Stradivarius "Paganini Quartet"

ハーゲン弦楽四重奏団 ストラディヴァリウスの輝き: 
ライナー・シュミットとルーカス・ハーゲン(ウィーンにて)


弾き始めて今年でちょうど3年。「これまで様々な楽器を弾いてきたが、音色が豊かでとにかく美しい!」と二人は口を揃えて絶賛する。

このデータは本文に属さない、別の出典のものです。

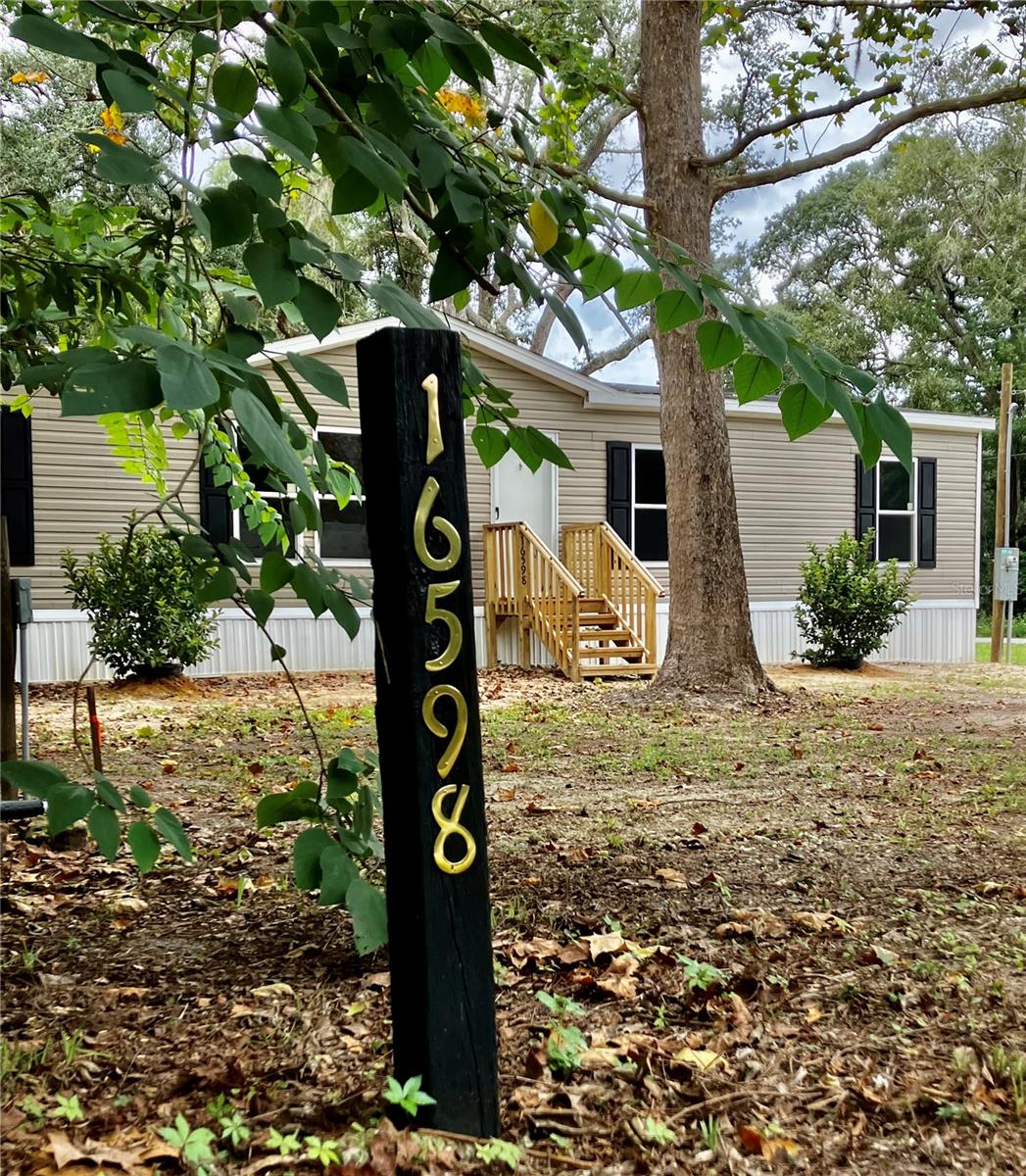 Image 11 of 11 For 16598 80th Avenue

名器の場合、弾き手に馴染むまで適当な時間を要することが多いが、シュミットは東京クヮルテットの第二ヴァイオリン奏者に「2年はかかる」と忠告されたらしい。「当初はそんなに長くかかるわけがないと思っていましたが、実際に弾き始めて彼が正しかったことを痛感しました。でも惚れ込んでいる相手なので、苦にはなりませんでした。」とまるで新しい恋人ができたかのように嬉しそうだ。

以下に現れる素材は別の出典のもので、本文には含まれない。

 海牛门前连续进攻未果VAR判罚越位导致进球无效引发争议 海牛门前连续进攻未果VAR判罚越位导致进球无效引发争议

メンバーの中にはモダン楽器を弾いていた人もいたため、「弾き方をかなり変えた人もいる」とルーカス・ハーゲンは語る。とにかく変わってくるのが弓の使い方で、「楽器の美しい響きを最大限に引き出すために弓圧を抑えて楽器を自然に鳴らすように弾く」のだという。その弓圧の加減が難しいらしい。それでもあえて《パガニーニ》を弾きたいとメンバー全員が望んだのは、「この楽器でハーゲン弦楽四重奏団はさらなる高みを目指すことができる」という確信があったからだ。

「2013年、ザルツブルクで行ったベートーヴェン・ツィクルス公演で、貸与された4本の楽器を初めて人前で演奏しました。作品132で4人の響きが重なってコラールを奏でる箇所があるのですが、あまりの美しい和音が響いて思わず涙するところでした。何度も弾いている曲ですが、鳥肌が立つほど美しかった」(シュミット)

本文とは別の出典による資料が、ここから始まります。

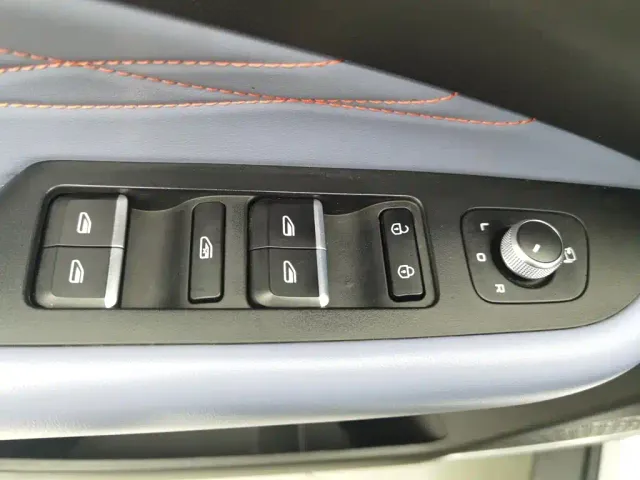 Geely Geometry M6 — Фото автомобиля 9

いまだに謎の多いストラディヴァリウスの魅力について、シュミットは「彼が製作した楽器はすべてが名器というわけではありません。でも名器ははやり格別です。響きの可能性が圧倒的に広いんです。常に新しい発見がある。」と語る。

ひと言で説明するのは難しいが、演奏者をこの上なく幸せにする楽器であることだけは確かなようだ。